Ein Beispiel ist Javanol, welches ein Derivat des Norradjanol ist. Vergleicht man die chemischen Strukturen von Norradjanol und Javanol, so sieht man, dass die beiden Doppelbindungen des Norradjanol in Javanol durch zwei Zyklen Cyclopropanation mit Dibrommethan eliminiert wurden und man stattdessen Cyclopropyl-Gruppen (die beiden Dreiecke, die man in Javanol statt der Doppelbindungen sieht) erhält.
Hierzu die Patentanmeldung von Fridtjof Schröder von Firmenich:
www.google.com/patents/EP2190803A1?cl=enUnd seine Publikation zu Cyclopropanation, wer Zugriff drauf hat:
www.ncbi.nlm.nih.gov/pubmed/25408320(wer keinen Zugriff hat und interessiert dran ist, der schreibe mich doch einfach an
)
Ähnliches wird bei der Synthese von Hedione gemacht, es wird die Doppelbindung in Methyljasmonat (MeJA, einem universell konservierten Stresshormon in Pflanzen) durch Hydrierung eliminiert (Hedione = dihydro-MeJA) und wird dadurch auch stabiler.

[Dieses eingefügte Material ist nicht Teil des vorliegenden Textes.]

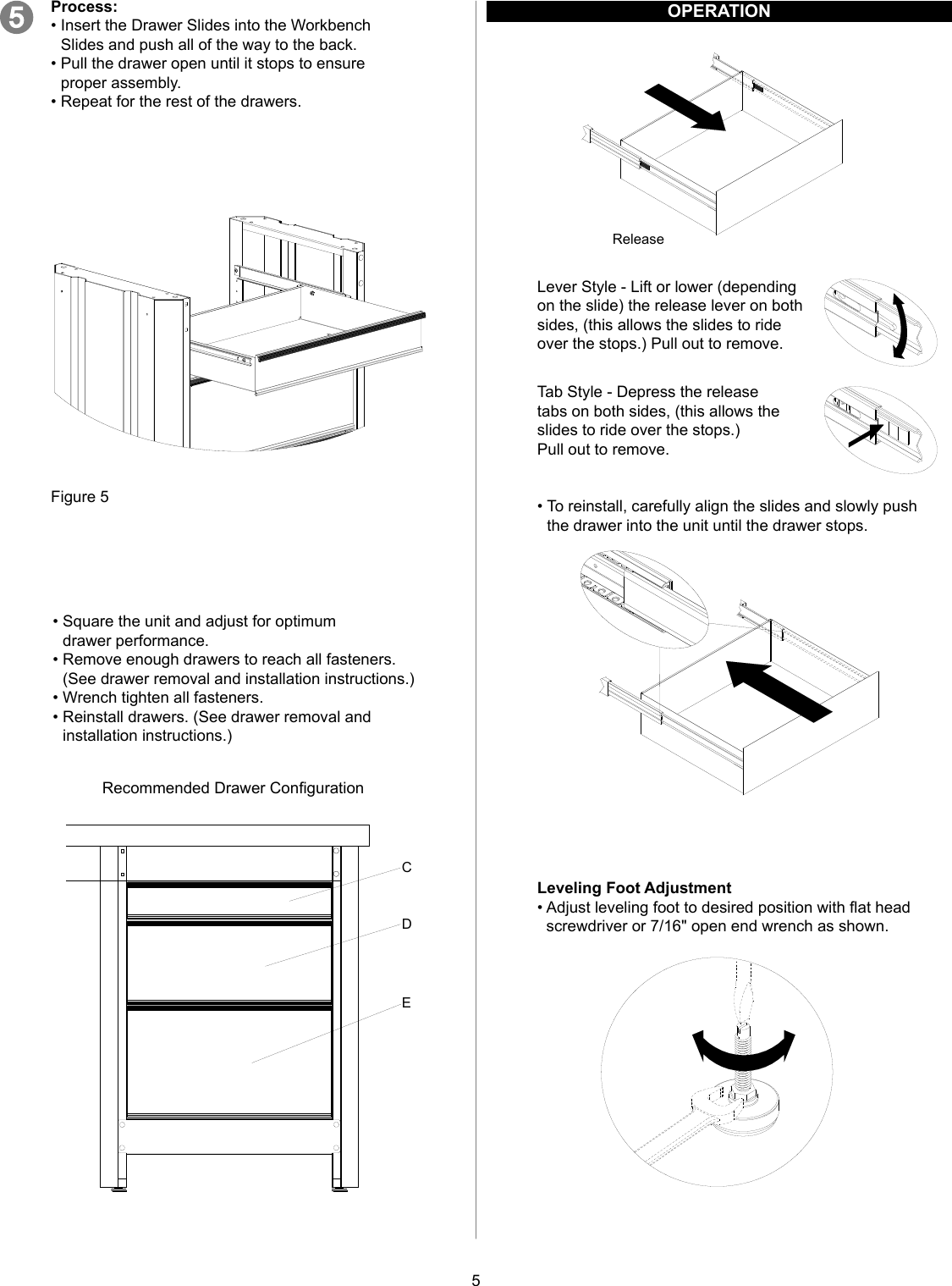 Page 5 of 12 - Craftsman Craftsman-3-Drawer-Workbench-Module-Red-Black-Instruction-Manual-  Craftsman-3-drawer-workbench-module-red-black-instruction-manual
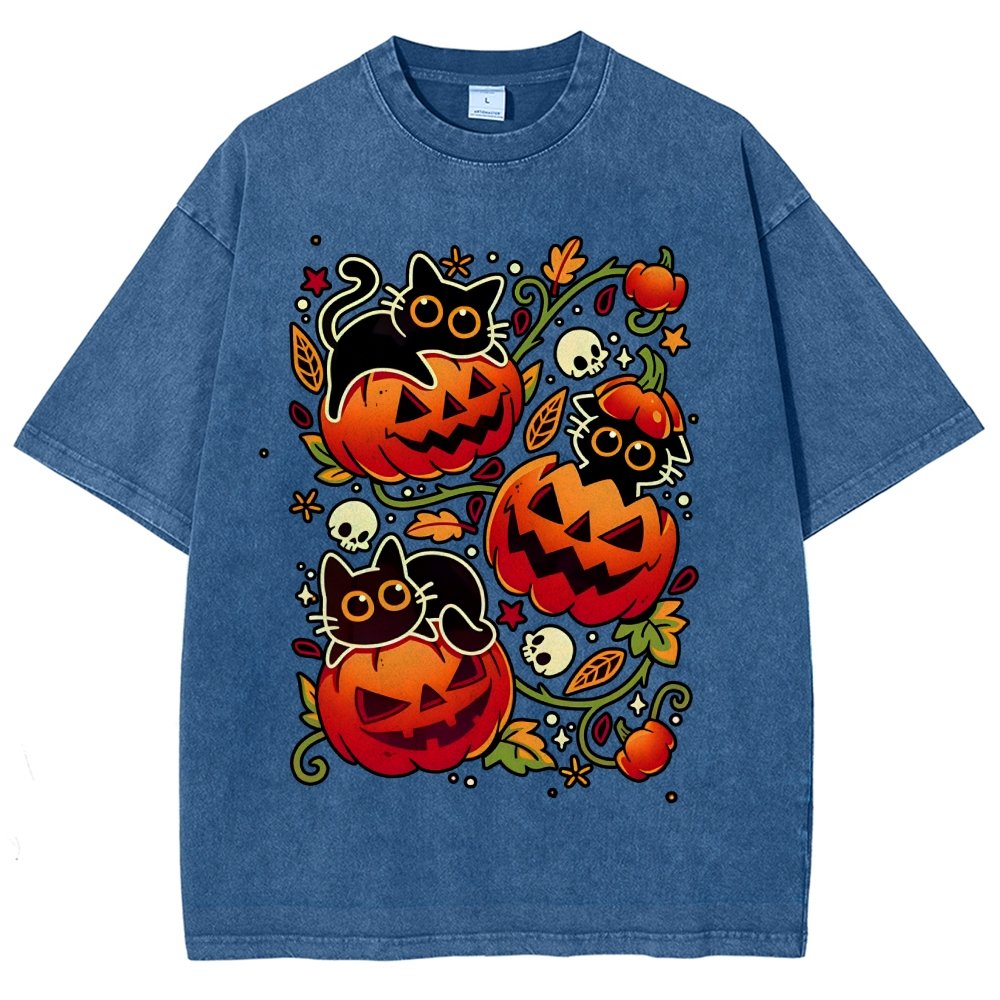 Black Cat Pumpkin Halloween Party Vintage Distressed T-shirt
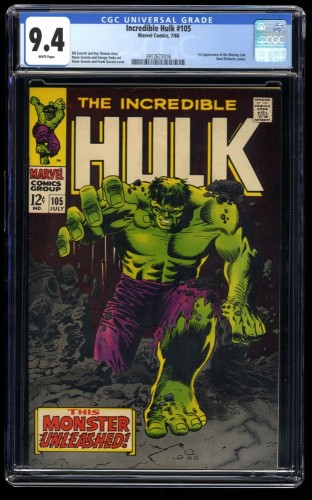 Incredible Hulk (1962) #105 CGC NM 9.4 White Pages 1st Appearance Missing Link!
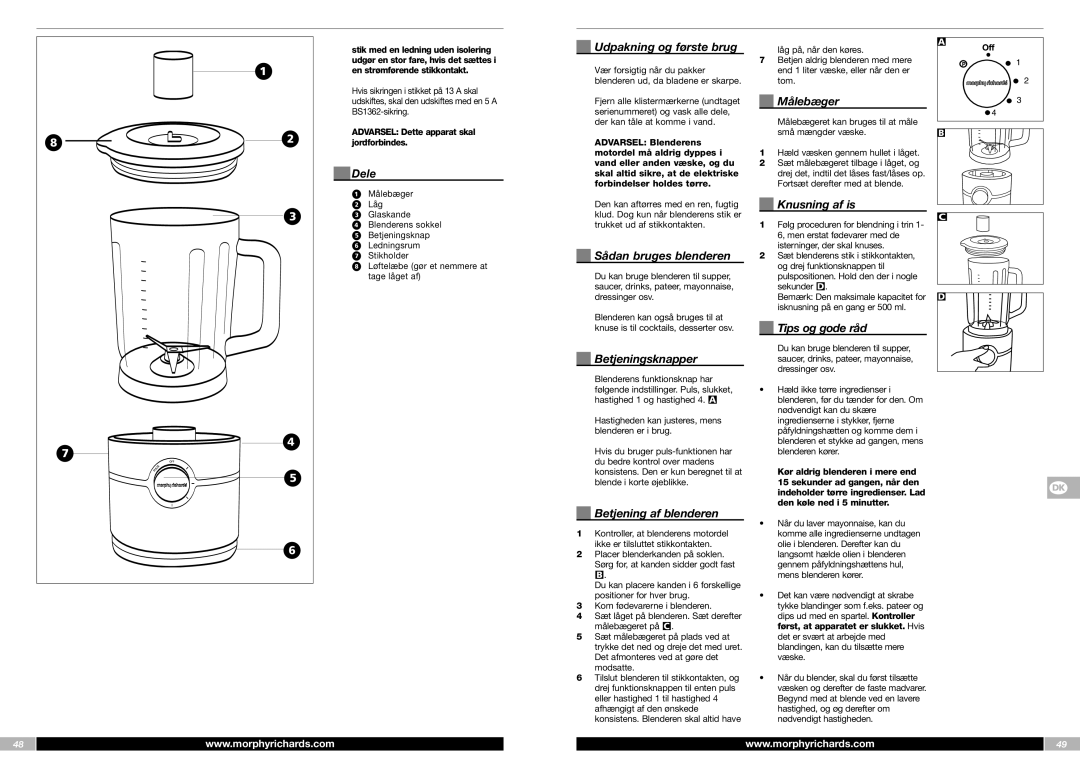 Morphy Richards FP48953MEE manual Dele, Udpakning og første brug, Sådan bruges blenderen, Betjeningsknapper, Målebæger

Und naja, ob das jetzt ein Parfümeur gesagt hat, ist jetzt auch keine Garantie. Ich will denjenigen nicht angreifen, aber so ansich ist "Parfumeur" kein geschützter Titel, so ungefähr wie "Schriftsteller" oder "Künstler". Jeder kann Parfumeur sein und werden, die großen Parfumeure der Großkonzerne - wie Maurice Roucel z.B. - sind jedoch richtige Hardcore-Chemiker (d.h. die Chemie oder Lebensmittelchemie studiert haben), die zum Teil auch selbst mal im Labor standen und neuartige Duftstoffe im Reagenzglas synthesisiert haben, teilweise mir richtig beschissener Ausbeute, einfach um erstmal chemische Verbindungen zu finden, die nach irgendwas Interessantem riechen. Und erst wenn sie das gefunden haben, wird eben geschaut, wie man das mit weniger Reaktionsschritten in großem Maßstab synthetisieren kann. Und auch die anderen großen Parfumeure haben an der ISIPCA sicherlich intensive Module in organischer Chemie meistern müssen (oder der Studiengang an der ISIPCA dient wirklich nur dazu, sich quasi in die Industrie einzukaufen).
Damit will ich nur sagen, dass es auch unter Parfumeuren 'ne ziemlich hohe Varianz an Expertise gibt und ich das nicht auf die Goldwaage legen würde.